My dad, late one afternoon in the second week of June, departing
from the village of Fjord, in Galloway County, Wisconsin, and
destined for the Amish store to get oatmeal, bread flour, and rye,
chose the back roads that wind through gentle hills of farms and
woods. The soon-to-be-summer scenery was serene, with young
corn leafing nicely, mown hay awaiting the baler, and cottonwood
snow drifting on the breeze and catching sunlight that leaked through
the soft greens of oaks and maples. Horse manure decorated the
roadways, but perfume from a particularly lovely form of phlox
also reached our noses. Mom napped, in front beside my father,
while Aunt Jeannette, in back with me, offered observations.

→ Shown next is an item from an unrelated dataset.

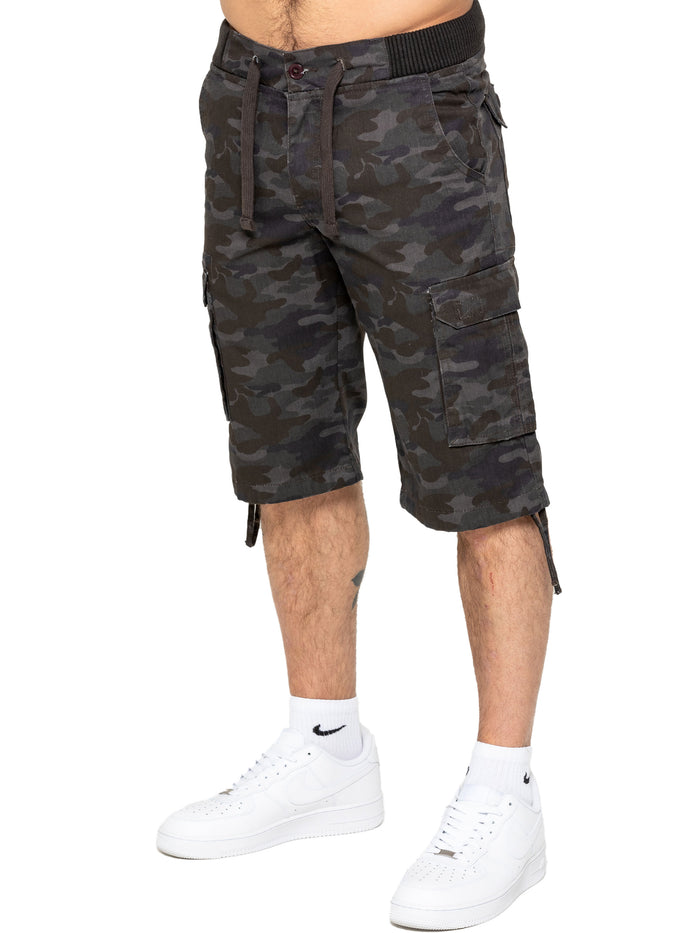 Enzo Jeans Trey Cargo Shorts - Dark Khaki Camo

She
commented on crops, remarked on reputations of rural restaurants,
and pointed out a Victorian house in which Aunt Francine rented a room
fifty-some years ago while teaching school before her own children came along.

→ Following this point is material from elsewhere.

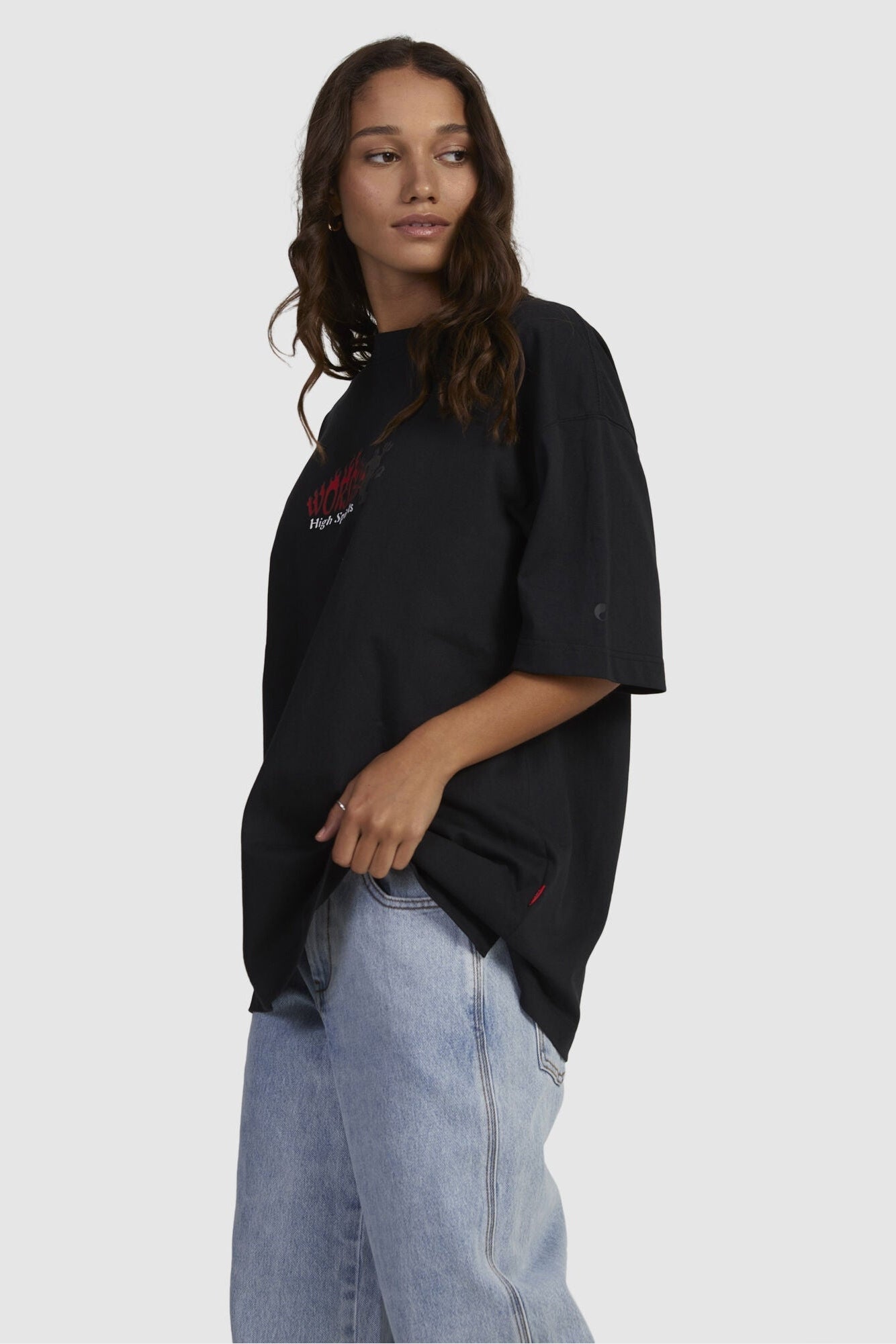 Worship grilled oversized tee - washed black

In an unfenced garden a slender woman all in black—crisp long-sleeved
dress, snug-fitting bonnet, black boots and stockings—but wearing no
gloves upon her pale hands, stood tall. She hoed dark soil all alone.
In the evening a friend of mine in Utah phoned. When she asked Whats new,
I thought before I answered. Then I said, Not much thats worth reporting, but
please go ahead and ask me: David, what seems to be unchanged?